[파이썬] Gensim TfidfModel 사용

In this blog post, we will explore the usage of the Gensim TfidfModel in Python. Gensim is a Python library used for topic modeling and document similarity analysis. The TfidfModel is a powerful tool that helps in determining the importance of words in a document or corpus.

What is TfidfModel?

TF-IDF stands for Term Frequency-Inverse Document Frequency. It is a numerical statistic that reflects how important a word is to a document in a collection or corpus. The main idea behind the TF-IDF model is to give more weightage to the words that appear frequently in a document but less frequently in the entire corpus.

The TfidfModel in Gensim calculates the TF-IDF values for a given set of texts. It takes a vectorized input corpus and returns a transformed corpus where each document is represented by a list of tuples with the word ID and its corresponding TF-IDF score.

Installing Gensim

Before we begin, make sure you have Gensim installed in your Python environment. You can install Gensim using pip:

$ pip install gensim

Alternatively, you can install it using conda:

$ conda install -c conda-forge gensim

Example Usage

Let’s see an example of how to use the TfidfModel in Gensim.

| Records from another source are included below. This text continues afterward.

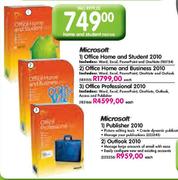 Microsoft Office Home and Student 2010 Each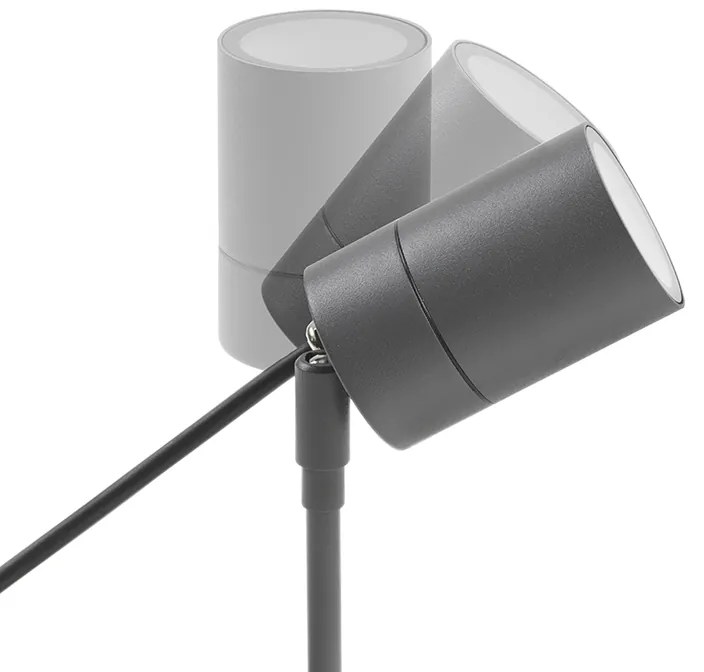 LED Foco de jardim moderno inteligente antracite IP44 com Wi-Fi GU10 - Solo Moderno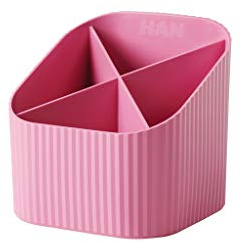 HAN skrivbordskoger Re-X-LOOP – säger ja till 100% återvinningsbar, modern, ung design för alla skrivbordsredskap, rosa, 17238-956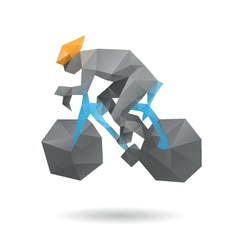 Racing cyclist abstract vector image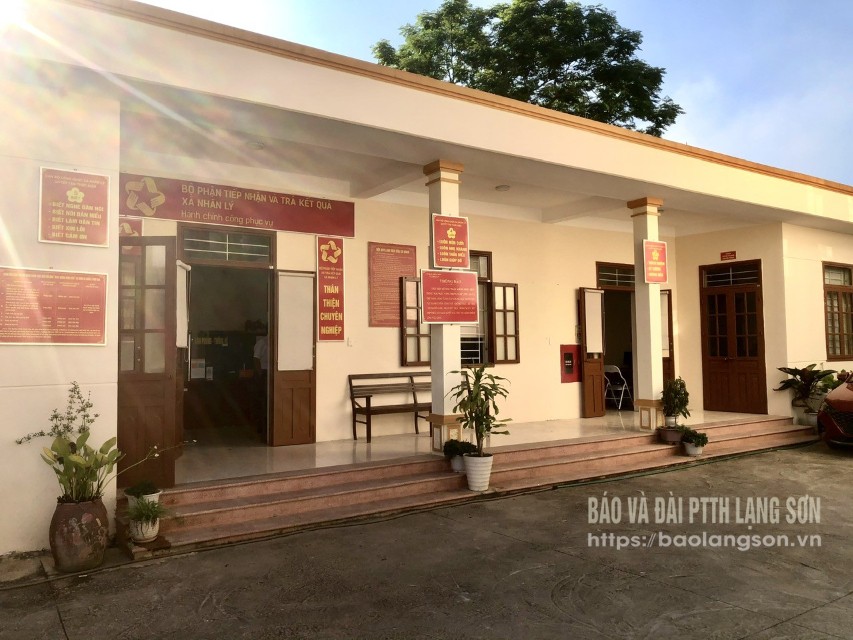 Trung tâm Phục vụ hành chính công xã Nhân Lý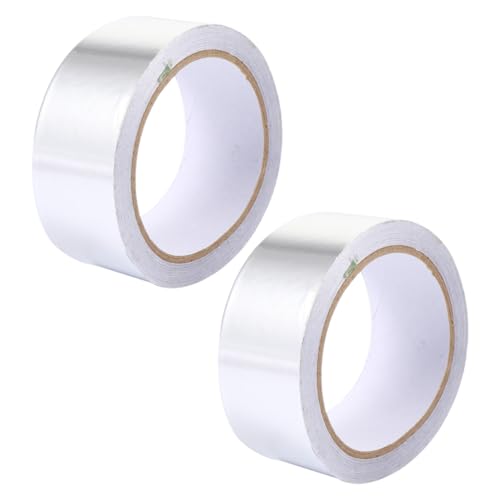 Cabilock 2 Stück Hitzebeständiges Aluminium Klebeband Dickes Selbstklebendes Isolierband mit Haftung Wärmeisolierend Verschleißfest und Langlebig für Abdichtung und Reparatur Cabilock 2 Stück Hitzebeständiges Aluminium Klebeband Dickes Selbstklebendes Isolierband mit Haftung Wärmeisolierend Verschleißfest und Langlebig für Abdichtung und Reparatur von Cabilock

from gensim.models import TfidfModel
from gensim.corpora import Dictionary

# Example corpus
corpus = [
    ["apple", "banana", "apple"],
    ["banana", "cherry", "date"],
    ["apple", "cherry", "date"],
    ["date", "elderberry", "fig"]
]

# Create a dictionary from the corpus
dictionary = Dictionary(corpus)

# Convert the corpus into a bag-of-words format
bow_corpus = [dictionary.doc2bow(doc) for doc in corpus]

# Create a TF-IDF model
tfidf = TfidfModel(bow_corpus)

# Transform the original corpus into TF-IDF representation
tfidf_corpus = tfidf[bow_corpus]

# Print the TF-IDF representation of each document
for doc in tfidf_corpus:
    print(doc)

In the above example, we have a corpus with four documents. We first create a dictionary from the corpus using the Dictionary class in Gensim. Next, we convert the corpus into a bag-of-words format using the doc2bow function. Then, we create a TF-IDF model using the TfidfModel class and apply it to the bag-of-words corpus to obtain the TF-IDF representation.

Finally, we print the TF-IDF representation of each document in the corpus. The output will be a list of tuples, where each tuple contains the word ID and its corresponding TF-IDF score.

Conclusion

The Gensim TfidfModel is a useful tool for calculating the TF-IDF values of words in a document or corpus. It can help in various tasks such as keyword extraction, document similarity analysis, and information retrieval. By using the TfidfModel in Gensim, you can gain insights into the importance of words in your text data and improve the performance of your natural language processing applications.